“Quitter”

The sirens on the way to Silverdale were a screaming reminder that the math just wasn’t adding up anymore. For eleven years, I’d been calculating my life in “years to retirement,” like a prisoner marking days on a cell wall. But while my brain was focused on that 20-year “sweet spot,” my body had started counting in minutes of focused breathing in between crashing waves of pain.

Watching those blurry Washington evergreens whip past the ambulance window, the pension I’d been chasing started to feel like a ghost story—a promised land I’d never actually live to see. I thought about the communities I’d poured myself into since 2014 and the strategic programs I’d helped rebuild from chaos. I loved that work, but it was finally asking me the one question I couldn’t dodge: Is the “security” of my future worth the cost of my pulse?

The reality hit me harder than the physical pain: I was being a martyr for a system that would have my job posted on a recruitment board before my obituary even hit the local paper.

“Quitter”, the still small voice whispered. The negative feedback loop on repeat played in my head for weeks following my resignation. As my honey once said, “The human mind can be an asshole”, and mine was putting me through it. I vacillated between believing that I had made the best decision of my life to thinking I needed to have myself psychologically evaluated.

What had I done? I had worked diligently to help the underserved in my community in very rural, poverty stricken areas. In this season of my life I had witnessed the very best in others and sadly, the very worst.
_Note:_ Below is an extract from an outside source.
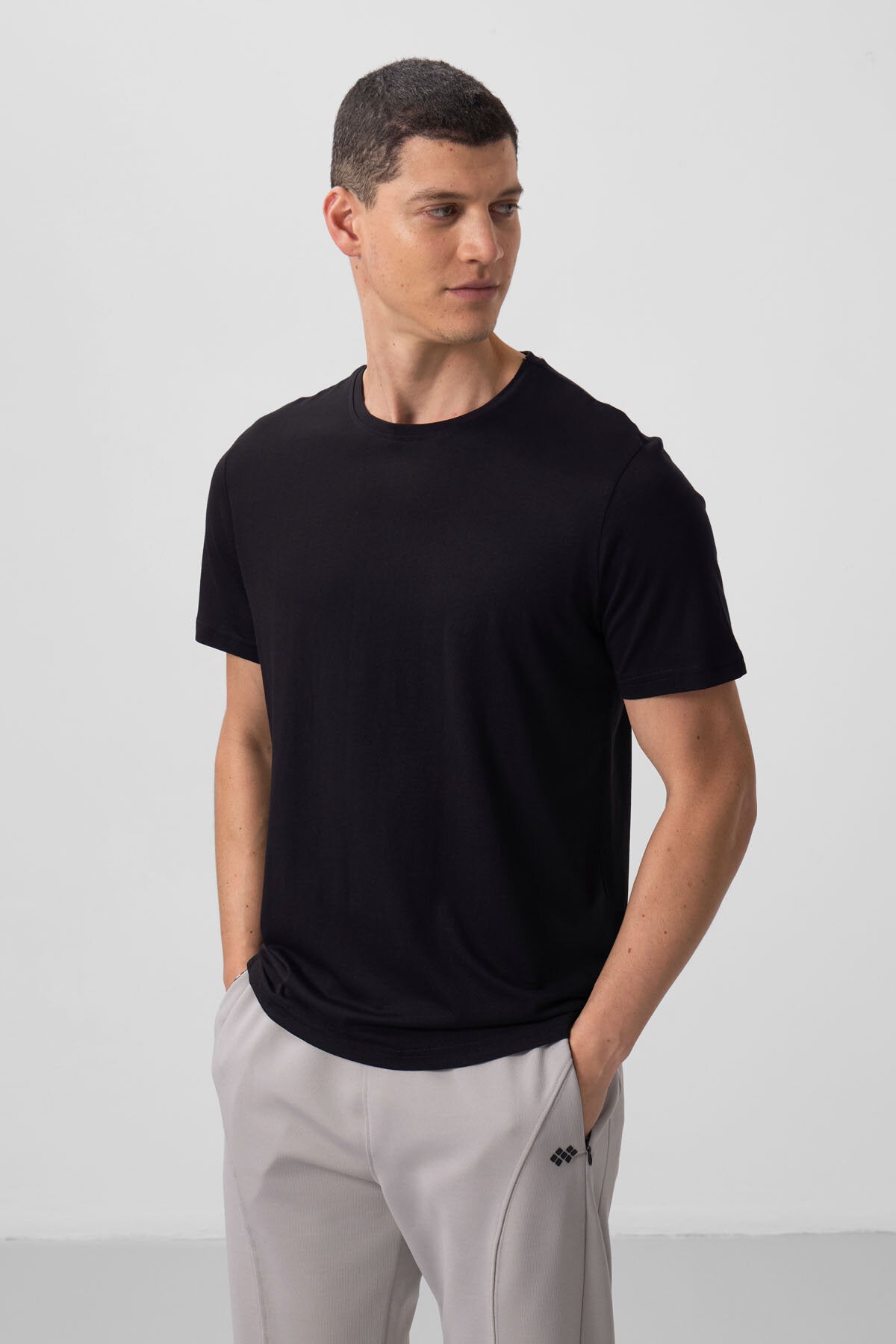 Image of Standart Fit Basic O Yaka  3'lü Paket Siyah Erkek T-Shirt  87911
I had 11 years of service in and only had 9 more to go to hit that sweet spot of retirement earnings.

Only

9 years snapped into one epic moment as I sat paralyzed in pain on a toilet in the McDonalds of Belfair, Washington – and a costly ambulance ride to Silverdale to boot. Stripped of my dignity, wheeled out on a stretcher, feeling very much tarred and feathered in the public square, there was no going back to the grind.

As I lay there, the ghosts of the Rhine River Valley seemed to crowd the ambulance. My ancestors, who measured a day’s worth in tilled soil and finished quilts, didn’t have a category for ‘chronic pain’ or ‘stress induced colitis .’ To them, there was only the work.

“Quitter”, the ghosts of generations passed whispered spurred on by the asshole running the control panel of my brain.

How does one make peace with the steady, judging gaze of a Germanic ancestry line that ran a direct route from The Rhine River Valley to the outskirts of Lancaster County, Pennsylvania? Growing up the phrase, “we are made of good stock” was used as soothing balm when we wanted to give up or facing adversity. The matriarchs in my family were strong Pennsylvania Dutch who measured ones worth to exist and take up space by the tasks that were accomplished in the day.

The “good stock” that measured a day’s worth in tasks completed.

I spent forty years believing my worth was tied to my output. I was running from an ancestral ledger that was not mine to balance – beliefs about worth and work that were mere echoes of the past. Now, in the quiet tendrils of mist rolling in with the tides, I’m having to learn how to take up space without a task list. I’m learning to silence the ‘Quitter’ and listen to the soul.